We've worked with Trans Pacific Networks (TPN) and Pioneer Consulting for quite some time now. We recently announced that TPN is deploying our optical solutions across the Asia-Pacific region, specifically powering TPN’s Echo and Tabua subsea cables, Pioneer Consulting is overseeing the route engineering, quality assurance, and project execution.
The industry is moving into this open cable architecture, whereby cable owners build an open system – they go to NEC, ASN or SubCom and build the pipes. Then as they get closer to the cables being ready for service, that's when they make a choice on the SLTE side.
What makes these two cables very special? Tabua is a cable system built by Google. It's the first ever continental US system that has two landing points in Australia. There are other cables on that route, but this one is by far the highest capacity cable with 16 fibre pairs. It stretches 13,300km, with landing points in Fiji and Hawaii.

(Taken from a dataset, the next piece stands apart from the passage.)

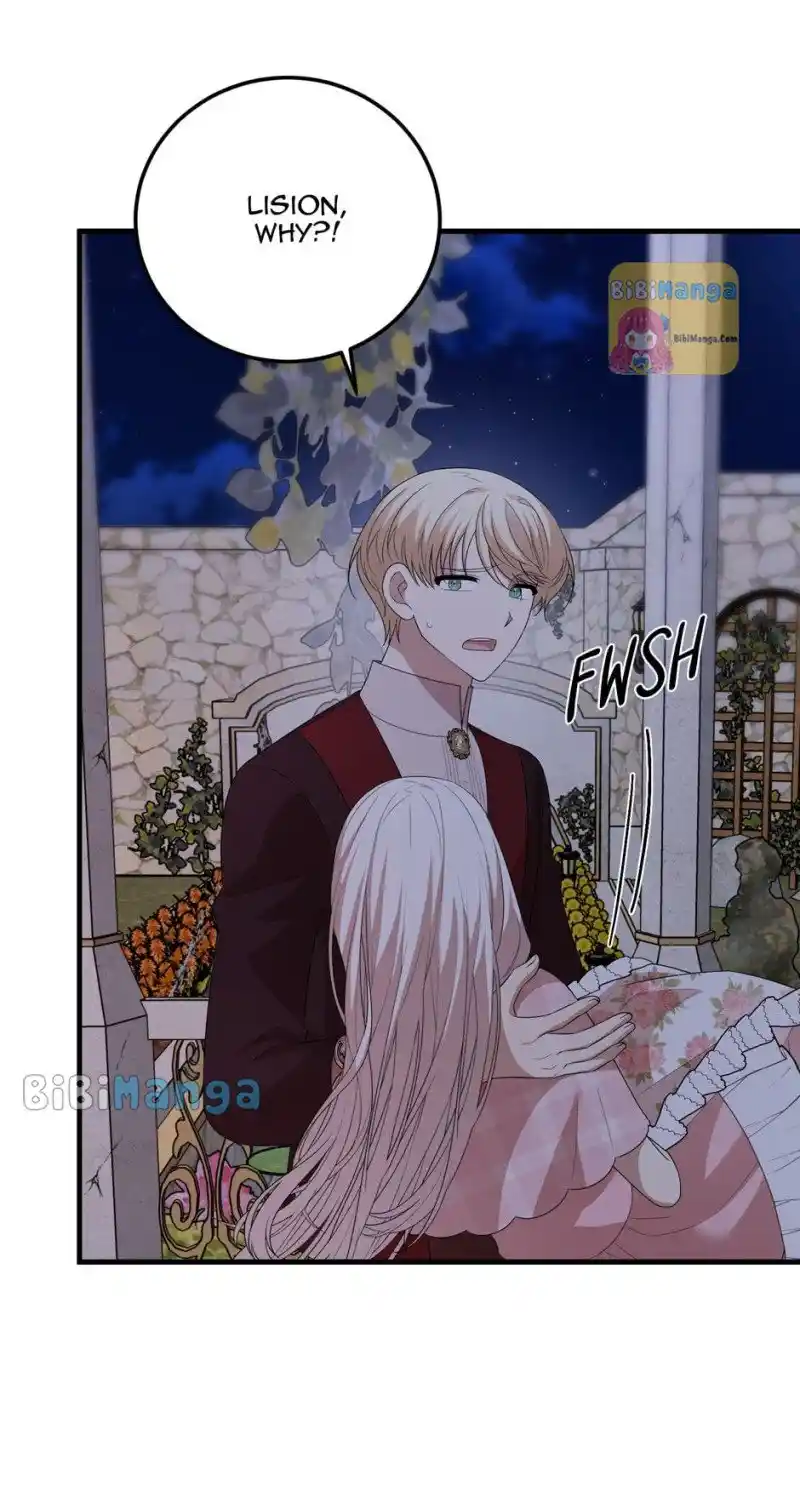 The Princess’ Dangerous Brothers Chapter 70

The Echo cable is the first cable ever directly between Singapore and the US, which reaches 16,051km. That one fibre pair cable is built by NEC. TPN owns three fibre pairs on that cable. Reaching a distance of 16,000km in one hop makes it quite challenging, but our new technology is reaching those distances. We have done trials on that system already, and it's looking very promising.
Is AI reshaping subsea network architecture and design requirements?
I think the jury is still out when it comes to subsea cables as to whether or not this is AI-driven. AI is a relatively new thing, particularly in terms of subsea systems. Cables like Echo and Tabua were contracted years ago – Echo probably five years ago – so the conversation around AI wasn’t as prominent as it is now.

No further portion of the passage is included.